In fact, it will be surprising if there's a leaner dance floor album released this year. Who Else has eight tracks and lasts 35 minutes. Only one track breaks the five-minute mark, and most last between three and four minutes. But rather than making the record feel insubstantial, this mostly plays to Modeselektor's strengths. Like lots of the music they've released, this album hinges on the loud execution of bold ideas, and the snappy run-time means nothing is allowed to outstay its welcome. Tracks like "Prügelknabe," "WMF Love Song" and "I Am Your God" are bracingly hard, reaching new peaks of intensity for Modeselektor, but they're handled like controlled explosions. "Prügelknabe"'s militant 16th-note assault is assuaged by a strange, sad vocoder voice that drifts to nothing before the drums return for a brain-battering 20 seconds at the end.

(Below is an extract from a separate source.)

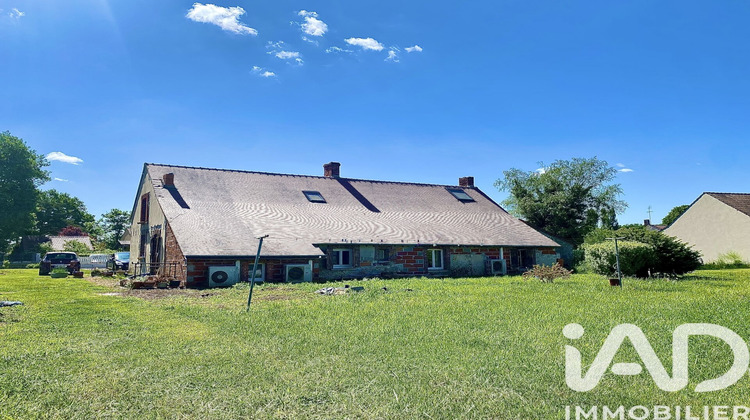 Ma-Cabane - Vente Maison Chevillon-sur-Huillard, 134 m²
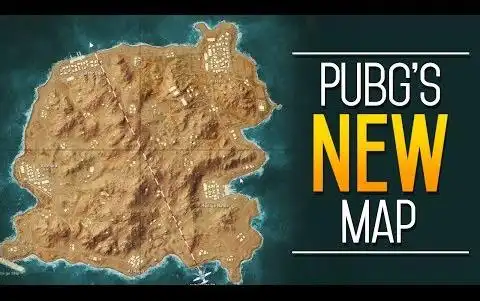 【绝地求生】职业哥们试玩新地图——卡拉金!【1080p60帧】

Bronsert and Szary often try to combat against writing a "predictable techno record," as they put it, by attempting these kinds of switches and surprises. The best among these is "Fentanyl," where a snarling beat and synth combo eventually coheres into a deranged dancehall track that rivals Equiknoxx in its weirdness. "Wake Me Up When It's Over," the closer, is a sort of sleazy post-club ballad that suddenly chucks in a mangled jungle break, while an appearance elsewhere by the Estonian rapper Tommy Cash, who delivers sing-song verses over a beat that could be described as hard trance, is hardly standard issue for a Berlin techno record.
Some of these moments also represent the balance beam Modeselektor tread, with loveable fun on one side and outright silliness on the other. Tommy Cash is a good fit for the duo's outlandish style, but there's a point in the track where he's singing "blah, blah, blah" with a child choir accompanying him. The deliciously crisp arpeggio on "I Am Your God," meanwhile, is soiled by Otto Von Schirach's EBM-lite screams. But overall, big works best for the duo. "Wealth," which features the UK rapper Flohio, still feels like a good look for Modeselektor a couple of months after it came out, its seasick synths sounding like early Night Slugs. And "One United Power" is an apt title for a track that summarises what's good about Who Else—the synths are raucous, the production is sharp, and your mind jumps to what the track would do to a dance floor.